• [PROBLEM]:
Output exactly the lines from the one containing "Der Hansaplatz von oben" through the final line of the entries below, both included, and skip the pictures.

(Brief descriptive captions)
• • • • • • •
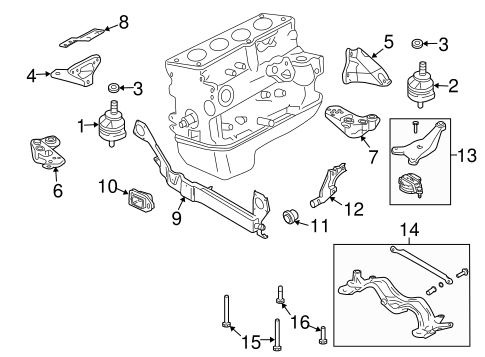 A4 ENGINE & TRANS MOUNTING 2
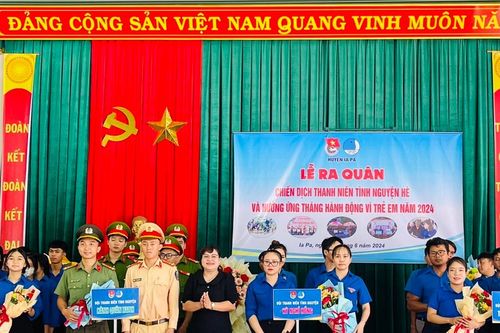 Huyện đoàn Ia Pa ra quân Chiến dịch thanh niên tình nguyện hè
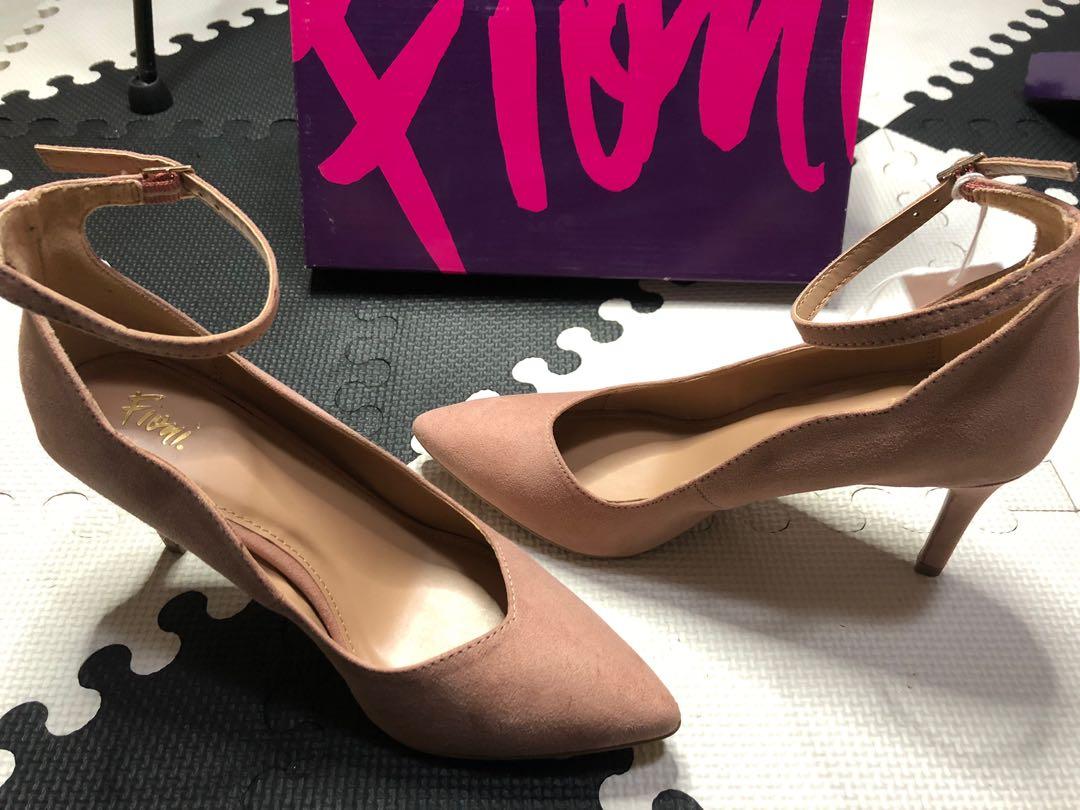 rose gold heels payless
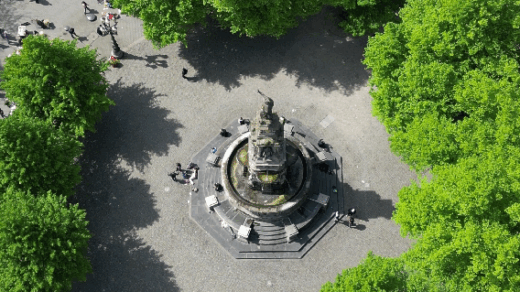 Der Hansaplatz von oben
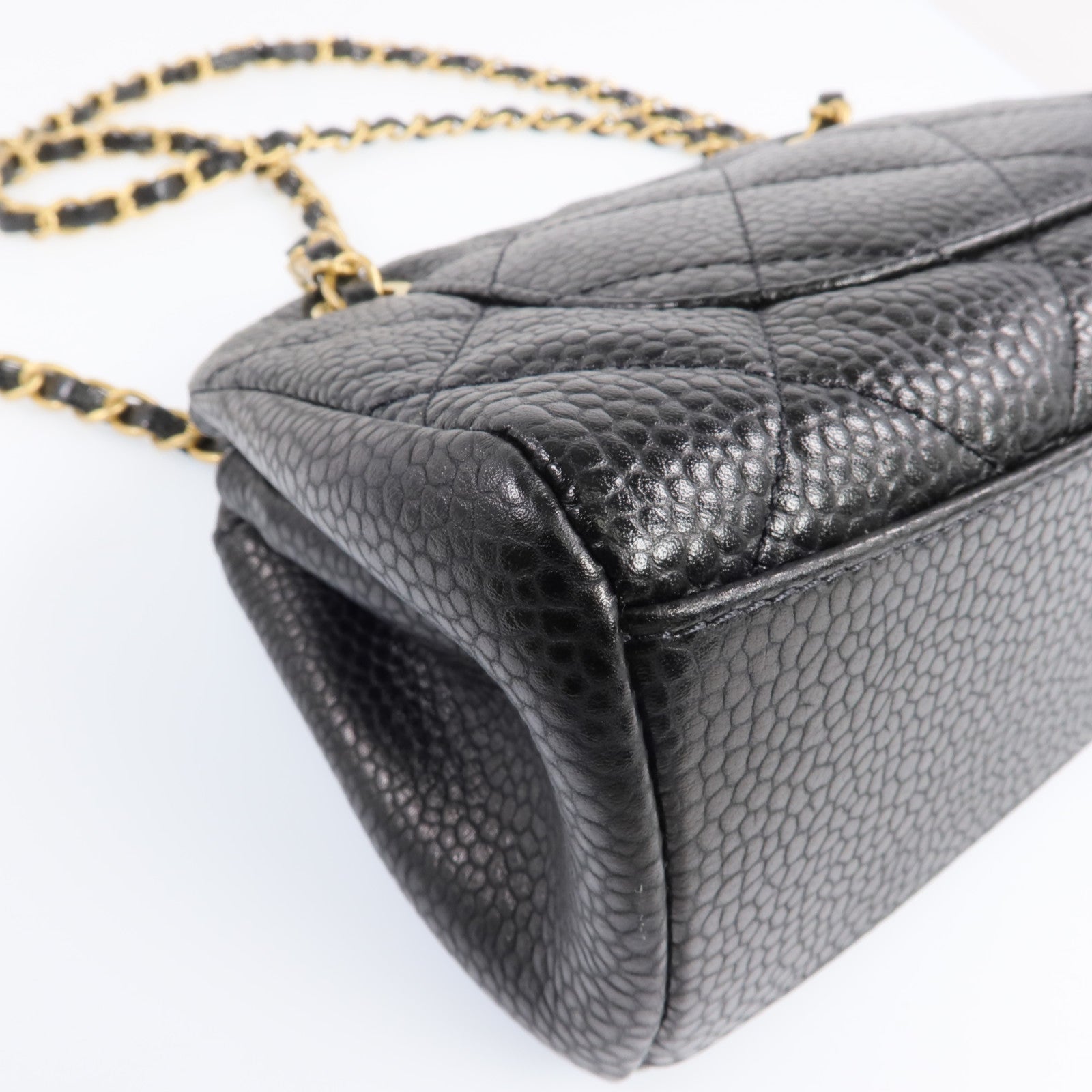 CHANEL 牛皮皮革Bowling Bag金扣肩背袋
• • • • • • •
• [OUTPUT OF THE EXERCISE]:
 Der Hansaplatz von oben
 CHANEL 牛皮皮革Bowling Bag金扣肩背袋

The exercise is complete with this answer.